Not so much the pining for children to rear, but the desire to be a part of something greater than myself. Some relationship beyond my own selfish murmurings. And that’s when it hits. My human, media-driven brain tells me that has to be some human relationship. That has to be me in a, for lack of a better word, “romantic” relationship. But that’s just it isn’t it? That’s where God kicks me in the head. If I’m looking to be part of something greater, if I’m feeling a pull to get beyond my selfish murmurings what’s stopping me from looking beyond myself altogether. While the damn hormones persist, I feel God constantly reminding me that that is far from the most significant calling I have. He pulls me out of myself, out of my bed, out of my head, out of my apartment to find a way to love and live beyond what is important to me. If I’m driven by what is important to Him, what’s so seemingly important to me will fade or take care of itself. Right? I hope.

Adventure in the One-Sided Friendship

In Aristotle’s Ethics he discusses Friendship at great length. I read it as a freshman in college, and I’ll admit I was pretty overwhelmed. I was provoked last night to read that particular section of the text again.
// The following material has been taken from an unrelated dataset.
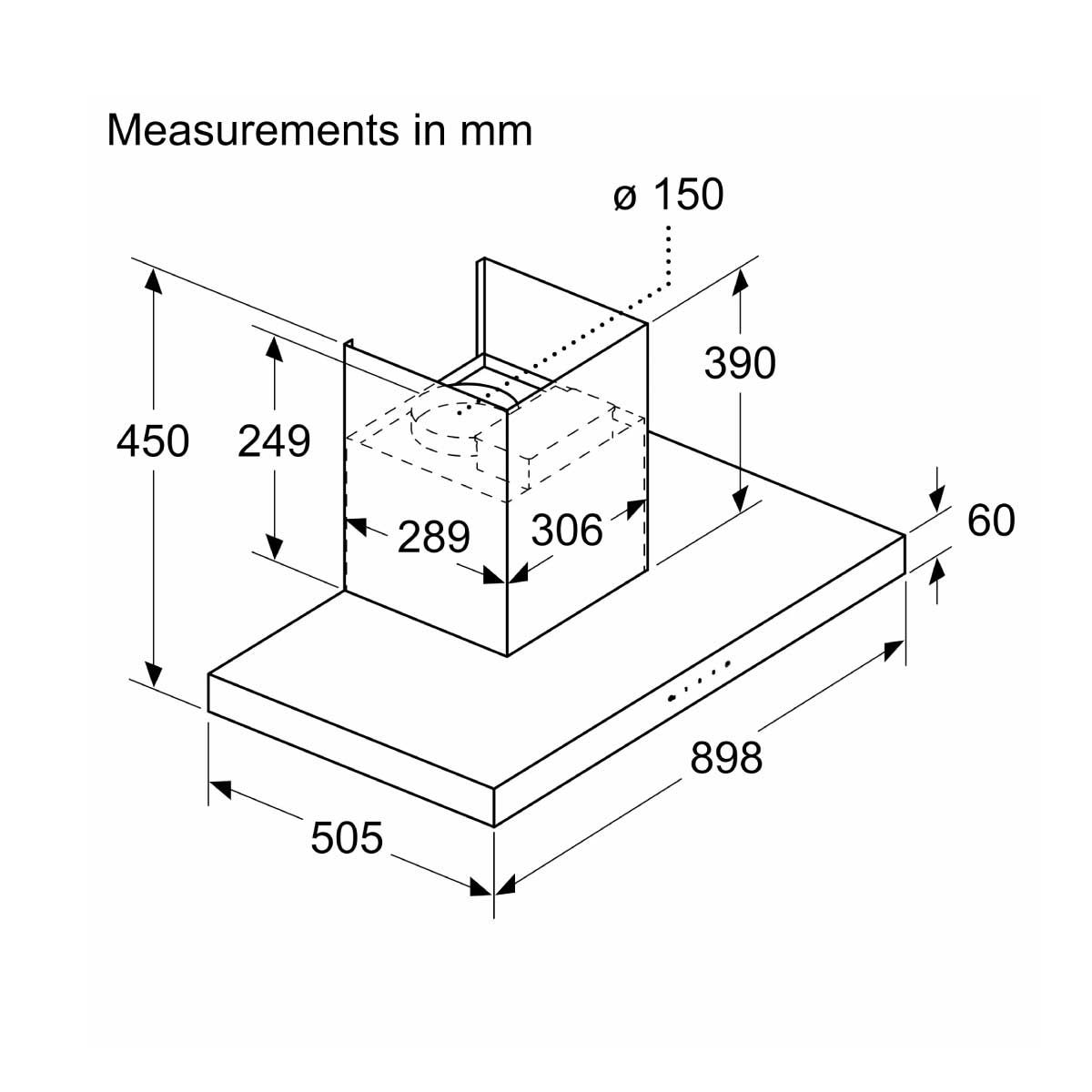 BOSCH ซีรี่ 4 เครื่องดูดควันติดผนัง 90 cm Stainless steelรุ่น DWBM98G50B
In that section Aristotle looks at the phenomena of “philia” which is one of the Greek words for “Love.” Now it is used here to express the kinship between Friends, but is not restricted to use of voluntary relationships. In this particularly segment he is looking to draw the connection between Friendship and Virtuous living, which he believes is largely the basis of Happiness. He believes there are three reasons to “like” or “love” (words that have no connection to feelings) someone.

Reason One:
A person is Good. This, Aristotle suggests, is the only way to a Perfect Friendship. Friendships that are established because both parties are Good will create a perfectly rounded relationship. Equal give and take. Though the taking only comes from pure reception of a truly good giving.

Reason Two:
A person is Pleasant. He does not necessarily use the word “Pleasant” to mean amiable, but that the person is someone from which one can derive Pleasure. He is entertaining. She is smart. He is funny. She is outgoing. This relationship is to Aristotle Imperfect. It becomes a relationship with little trust. It opens a door to arguments. These relationships can be broken easily. In fact, he suggests that to call them “Friendships” at all is pretty unfair to the word.

Reason Three:
A person is Useful. He offers an ear for venting. She offers company when there is none. He drives miles and miles to provide company. She bakes things. He edits your papers. She tells you that you look nice. He buys you gifts. These, like those based on Pleasure, are Imperfect for all of the same reasons.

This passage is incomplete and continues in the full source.